Notes on spices: I neglected to actually measure the spices used – which almost guarantees that this will end up with the perfect balance, and I will be unable to duplicate it… I would guess it was about 1 tbsp. of orange peel, 1/2 a tbsp. of ginger, 10 or 12 cardmom seeds and 20 or 25 coriander seeds…

Note on smoked grains: Here I go again… always with the smoked grains! I guess it’s becoming my house signature flavor…


A Wild and Crazy Brew

Sunday, August 12th, 2012

Generally, every summer I brew a batch of some kind of Belgian-style sour beer; while not always a Lambic per se, it’s always a chance to play around with wild yeast and/or bacteria. I have one fermenter which I only use for these brews, I don’t dare brew a “normal” beer in a vessel that has been inoculated with any variety of Brettanomyces or the like… no matter how well I clean it and sanitize it, I just don’t trust it henceforth. Same with tubing and bottling spigots – I have a set of racking canes and a second bottling bucket that I only use for the “wild” brews…

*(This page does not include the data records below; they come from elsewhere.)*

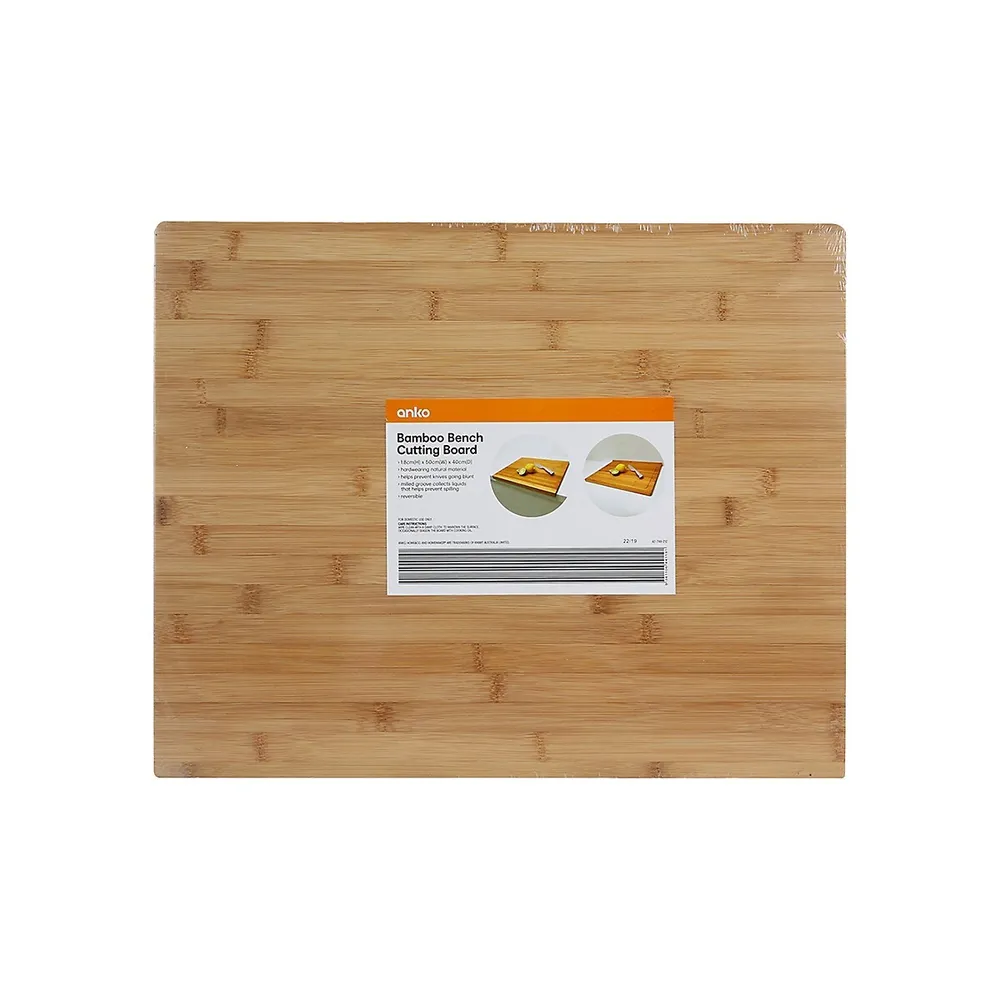 Bamboo Bench Cutting Board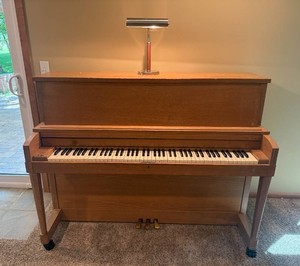 Small Baldwin Upright Piano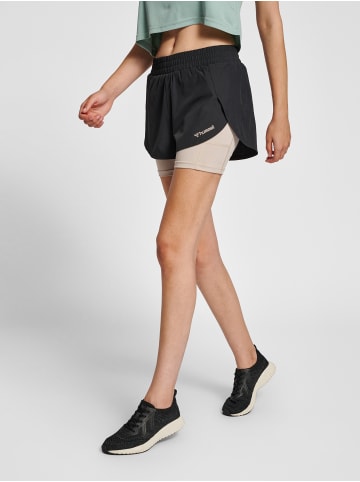 Hummel Verstellbare Taille Kurze Hose Hmlmt Track Damen in BLACK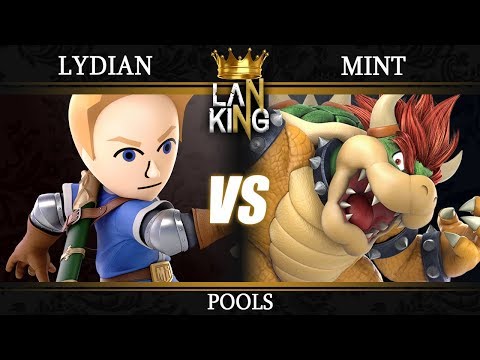 Smash Weekly #24 - Pools - Lydian (Mii Fighter) vs Mint (Bowser)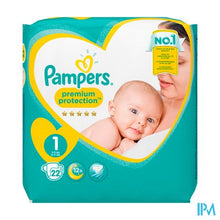 Charger l'image dans la galerie, Pampers Premium Protection Carry Pack S1 22
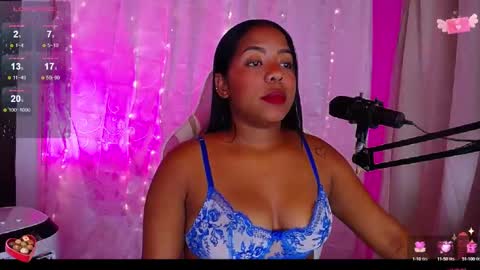 Snapshot of samanthabloom570089 chatting on February 13, 2025, 12:46 am Samantha Bloom  online show from February 13, 2025, 12:46 am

This summer I am opting to intensify my sour experience. Today I brewed the base beer for what will be a Kriek, a sour cherry-flavored ale; it is fermenting with White Labs “Belgian Sour Blend” (which contains a Brettanomyces strain, a wild Saccharomyces strain and some Lactobacillus just for fun) and an expired Wyeast Lambic Blend as well (a similar mix). In a couple months I will rack it onto a winemaker’s cherry puree and add some black cherry juice concentrate. Then I will exhibit a Belgian Monk’s patience and age it for a year before bottling it and another  couple of months before tasting it. So check back with me in about May of 2014 for the first results…

Additionally, I am planning to brew a true (well, almost) spontaneously-fermented ale in October. Talks with a few friends and a great article in the September 2012 issue of Brew Your Own convinced me that it was worth trying to see what I might be able to do with the ambient micro-flora and -fauna of my Tunbridge hilltop… so I reserved a small portion of the wort for this Kriek and set it out in a couple places to collect wild yeast etc. I will carefully select anything that seems to be fermenting on its own (and seems palatable!), build up a slurry and brew another similar beer in a couple months.  If nothing develops, well, I’ve wasted about a quart of wort. If, however, as I hope, I get a nice wild yeast sample, I may end up with a really interesting beer. Again, I won’t really know anything for a year and a half at best. Patience, grasshopper!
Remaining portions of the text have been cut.